**Material for the task**:
BEGIN

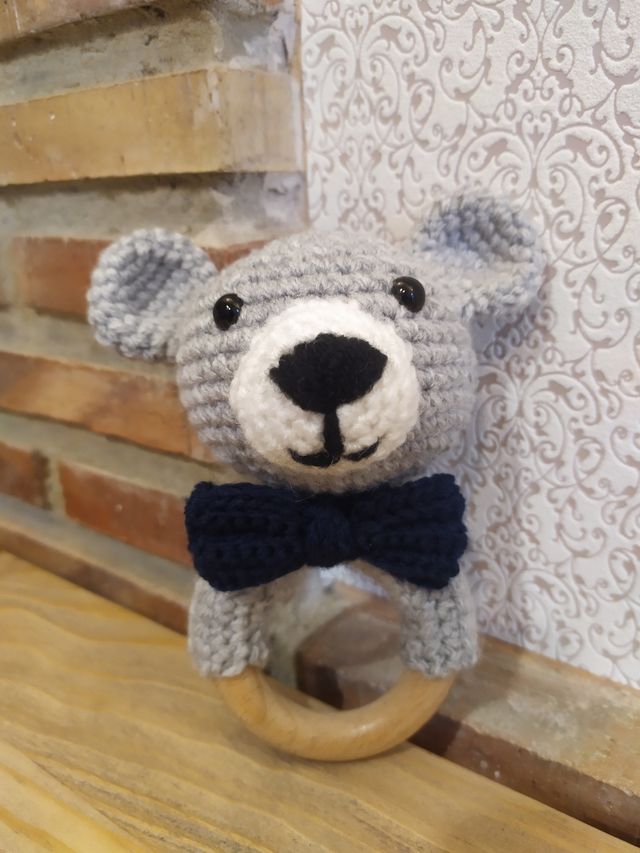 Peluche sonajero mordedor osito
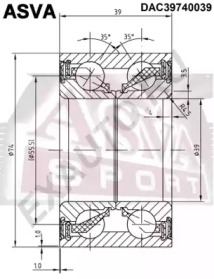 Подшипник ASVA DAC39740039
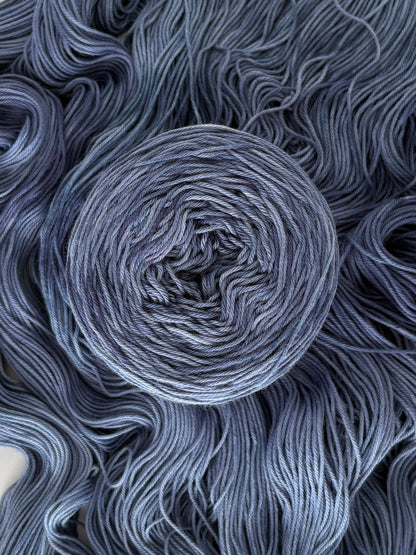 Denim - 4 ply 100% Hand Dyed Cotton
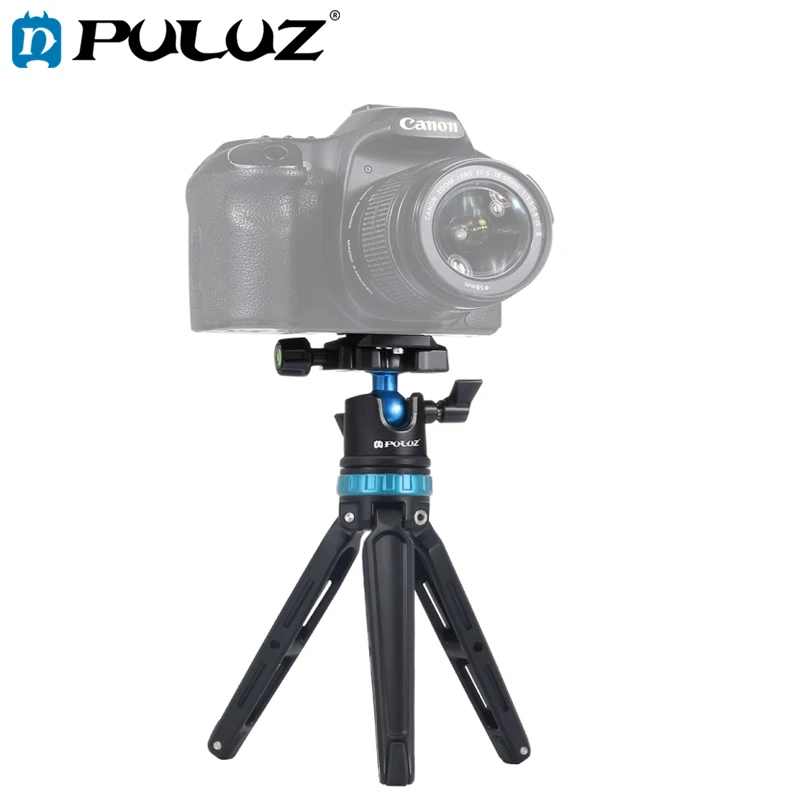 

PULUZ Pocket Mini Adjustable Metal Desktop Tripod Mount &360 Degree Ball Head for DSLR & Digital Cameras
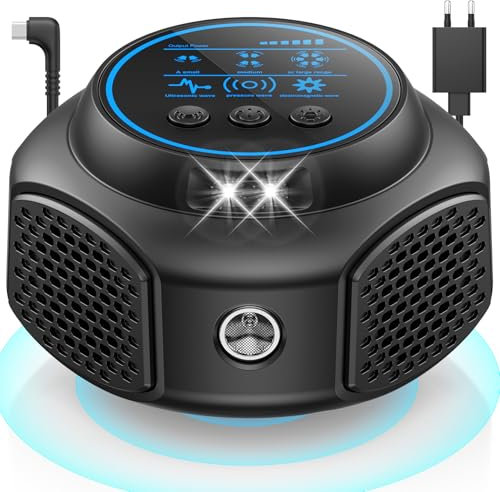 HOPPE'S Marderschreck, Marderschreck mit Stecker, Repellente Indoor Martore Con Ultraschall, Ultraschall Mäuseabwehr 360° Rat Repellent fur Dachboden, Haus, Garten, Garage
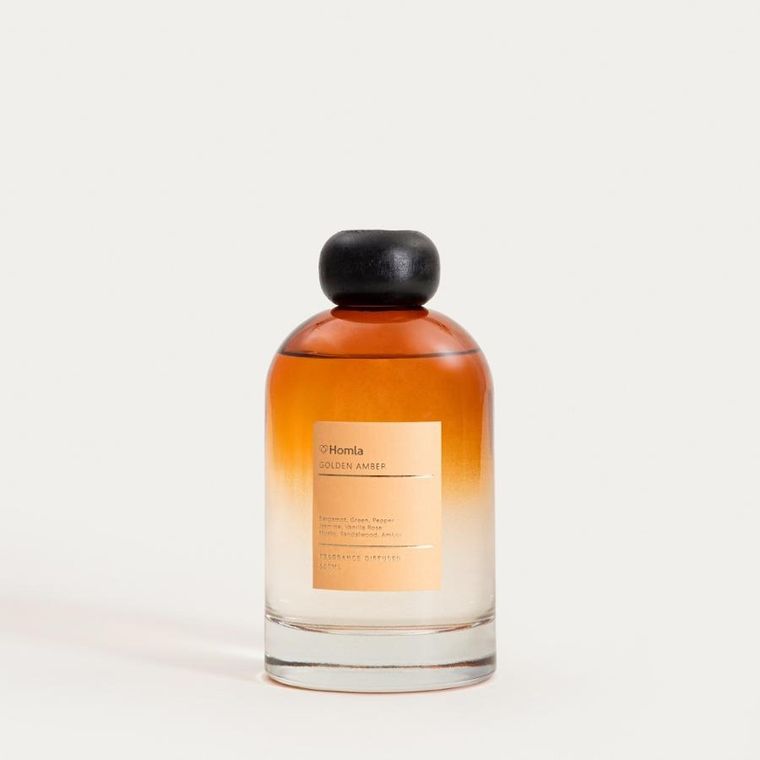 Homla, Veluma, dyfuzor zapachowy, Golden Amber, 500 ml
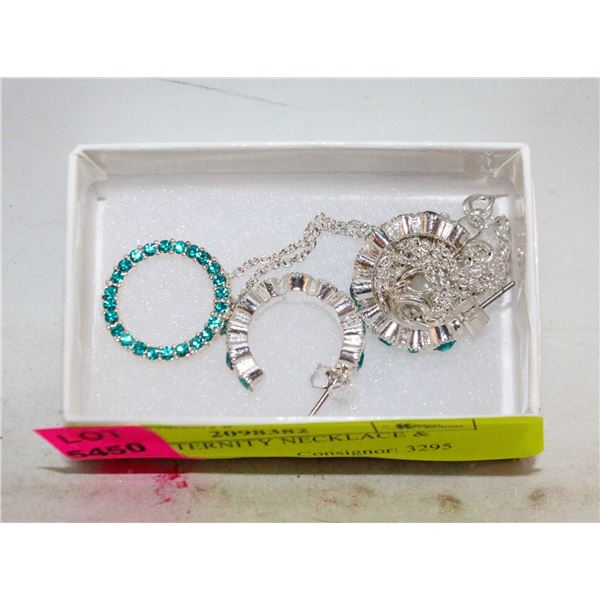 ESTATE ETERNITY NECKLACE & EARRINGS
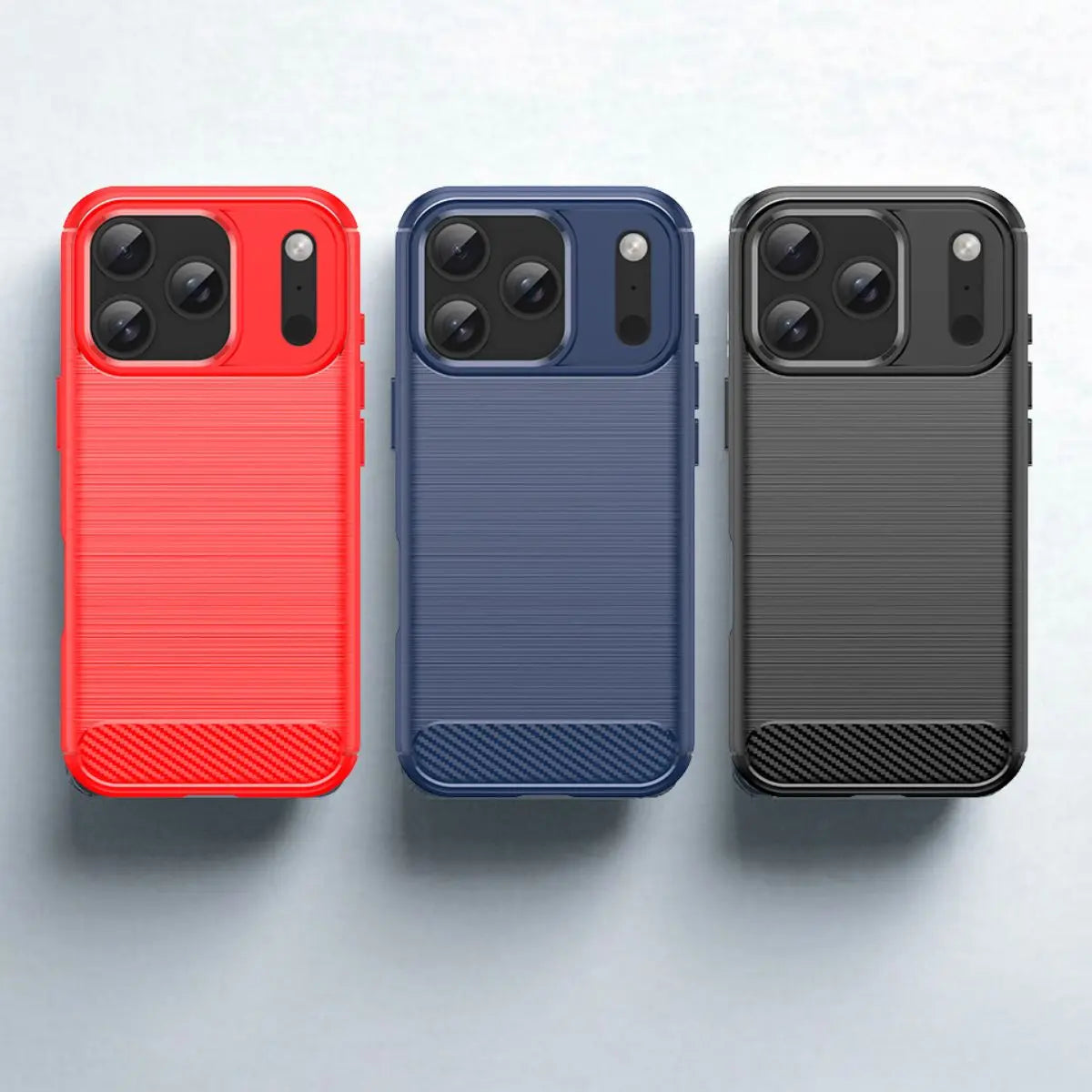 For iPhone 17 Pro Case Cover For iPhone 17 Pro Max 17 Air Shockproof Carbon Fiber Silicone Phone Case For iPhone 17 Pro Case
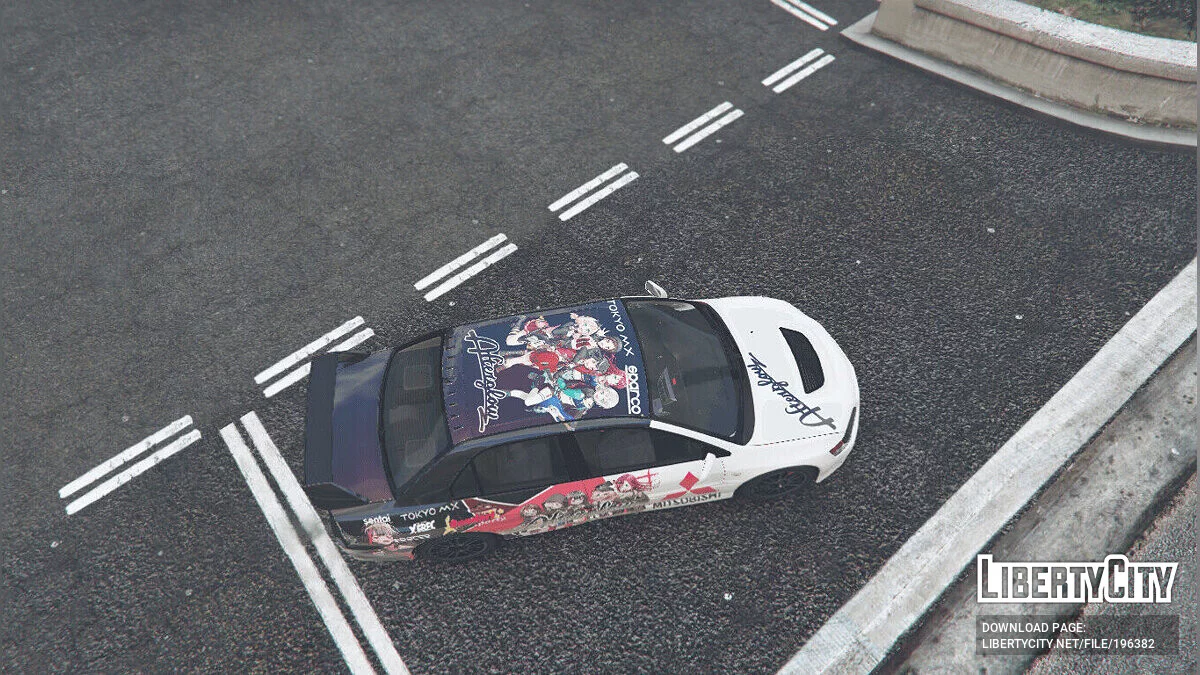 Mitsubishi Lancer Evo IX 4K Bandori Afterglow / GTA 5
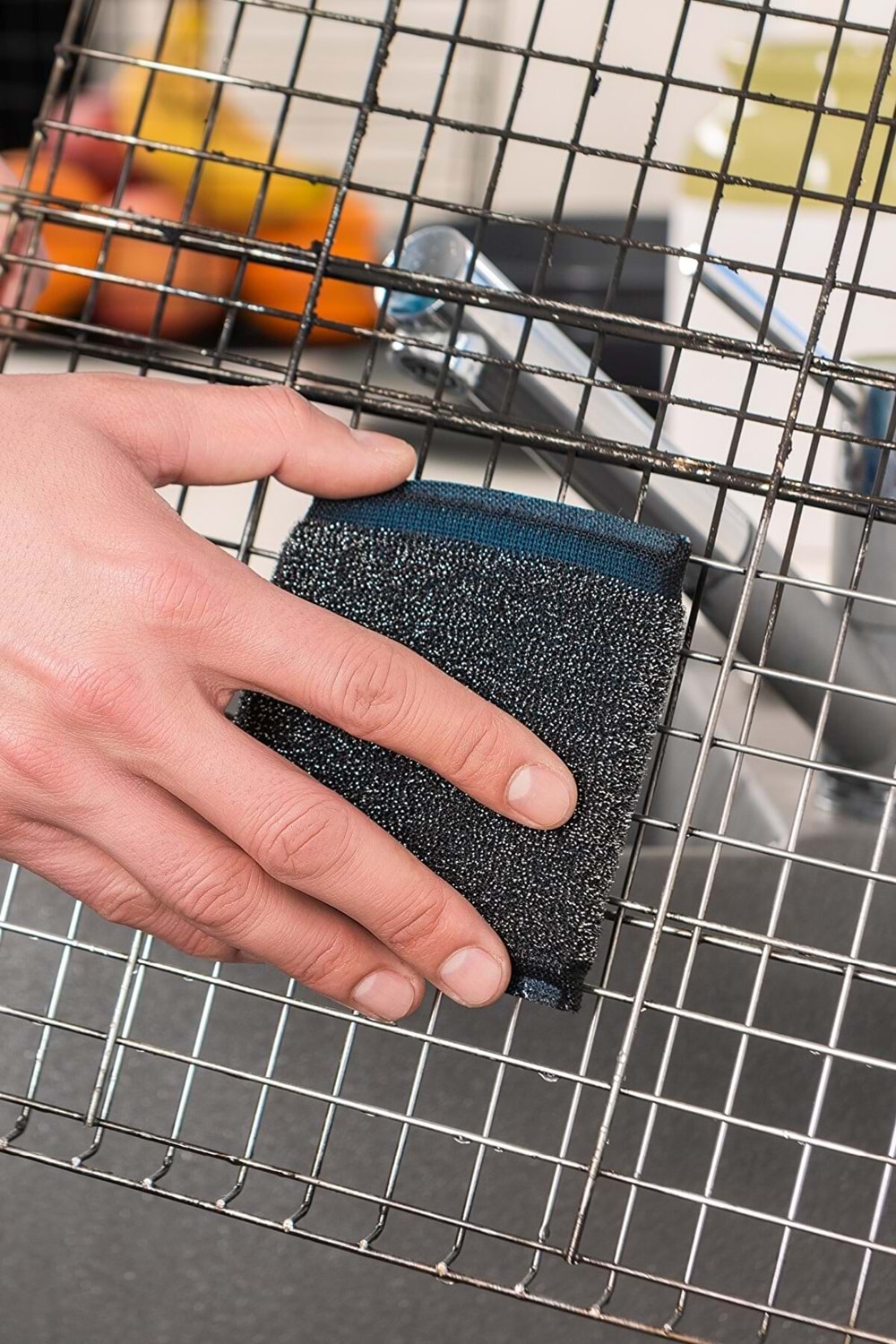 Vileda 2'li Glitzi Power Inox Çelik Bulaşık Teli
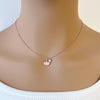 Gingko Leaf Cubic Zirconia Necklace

END

**Work instructions**: Starting at the first line of the records above, set down each line exactly through the one that holds "ESTATE ETERNITY NECKLACE & EARRINGS". Omit pictures.

**Solution to the exercise**:
 Peluche sonajero mordedor osito
 Подшипник ASVA DAC39740039
 Denim - 4 ply 100% Hand Dyed Cotton

PULUZ Pocket Mini Adjustable Metal Desktop Tripod Mount &360 Degree Ball Head for DSLR & Digital Cameras
 HOPPE'S Marderschreck, Marderschreck mit Stecker, Repellente Indoor Martore Con Ultraschall, Ultraschall Mäuseabwehr 360° Rat Repellent fur Dachboden, Haus, Garten, Garage
 Homla, Veluma, dyfuzor zapachowy, Golden Amber, 500 ml
 ESTATE ETERNITY NECKLACE & EARRINGS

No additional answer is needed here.